Look at Years 7-10 of ACO Spending (Figure 4):
Notice the zigzag pattern?
Now, remember Charlie Brown’s shirt?
OK! So that’s it – that is how ACOs and Charlie Brown are alike. The ACO zigzag pattern about the equilibrium reminds me of Charlie Brown’s shirt!
For the record, I want credit for coining the phrase “Charlie Brown-ing” that describes the long-term spending pattern that ACOs get into.
(Underwhelmed by the analogy? Sorry.)
Actually, my partner Will Sherwood, MD, thought that the ACO pattern was more fittingly compared to V fib:
Props to Will for that, since it makes an even more fittingly ominous analogy!
Anyway, if you have an interest in ACOs, what does this mean for your future?
- If you are managing an ACO which depends on Shared Savings for ongoing operations, you will eventually become insolvent because participating in Shared Risk ultimately becomes a zero-sum game. You must find other income to supplement operations.

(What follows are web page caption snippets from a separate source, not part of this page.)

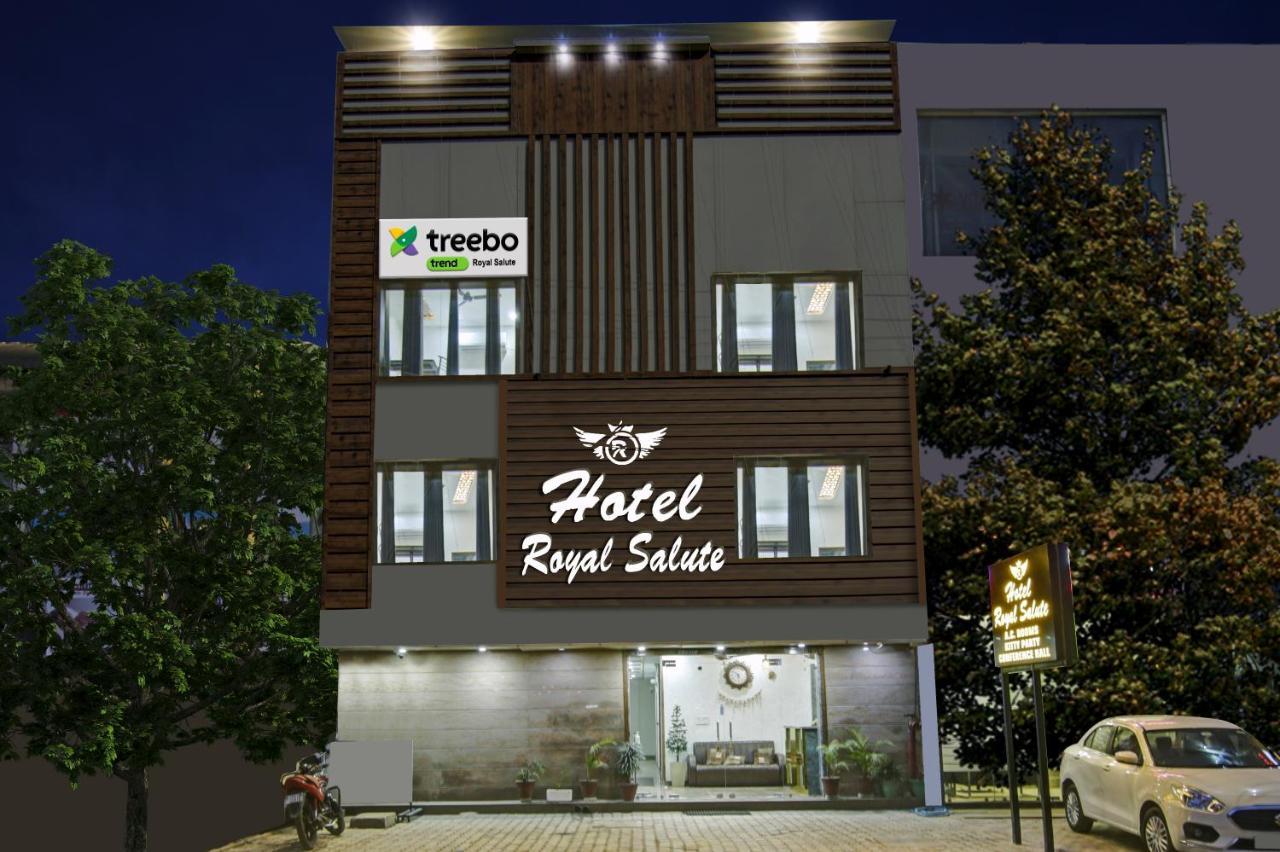 Treebo Royal Salute, Zirakpur Hotel Buitenkant foto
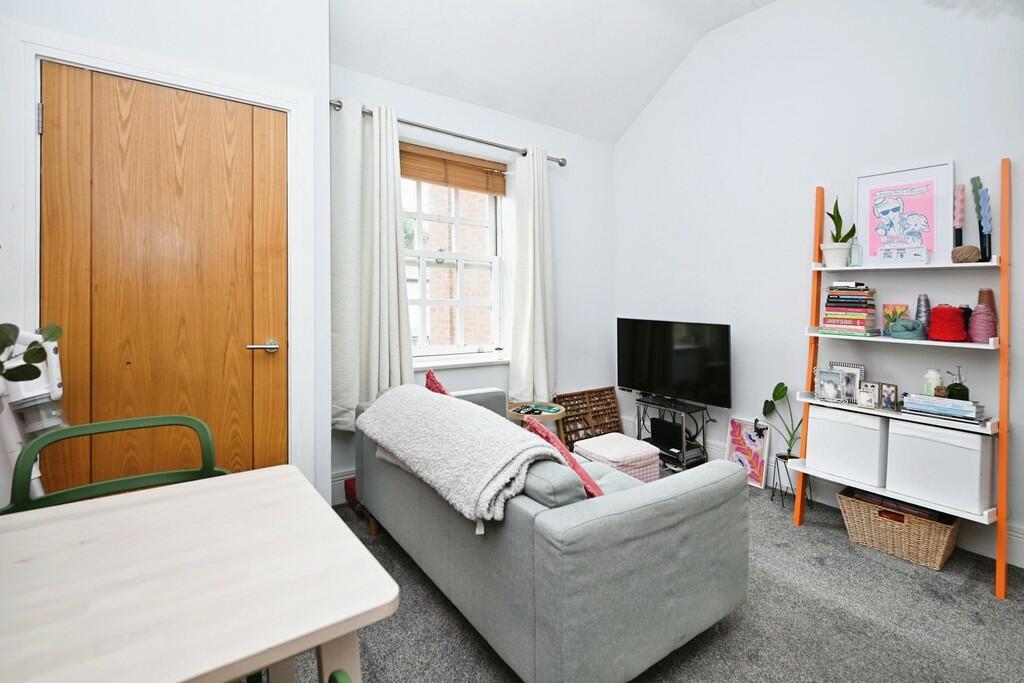 Additional image 3 of Tresham House, Guys Common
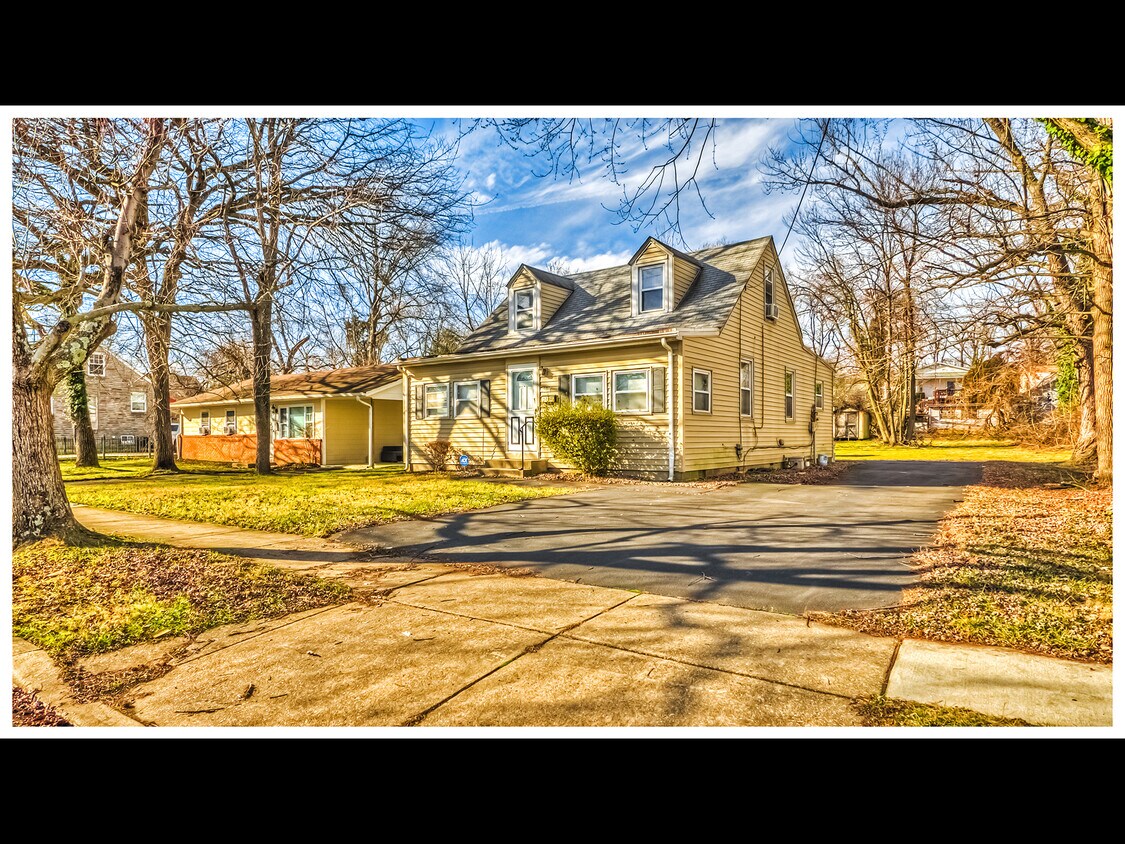 Primary Photo - 5110 Navahoe St
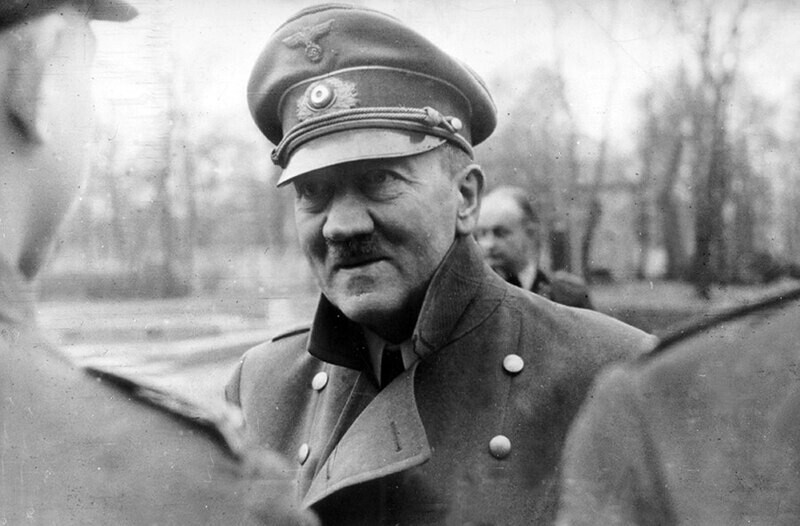 Adolf_Hitler,_20._april_1945.jpg_(2).jpg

I personally have some good ideas on how to do that, but each organization must find its own way.
- If you are a Provider in such an ACO, realize that you must decide on whether the benefit of staying in the ACO is worth it – assuming that you will never again get an income distribution from Shared Savings after a certain point.
- If you are a CMS policy maker, and you think the ACO model is beneficial, you should assume that many ACO managers will be knocking on your door about going bankrupt in the near future if you do not find a way to continue subsidizing the operations of ACOs. After all, few people are willing to work for nothing.
That is our lesson for today, everyone. I hope you enjoyed it!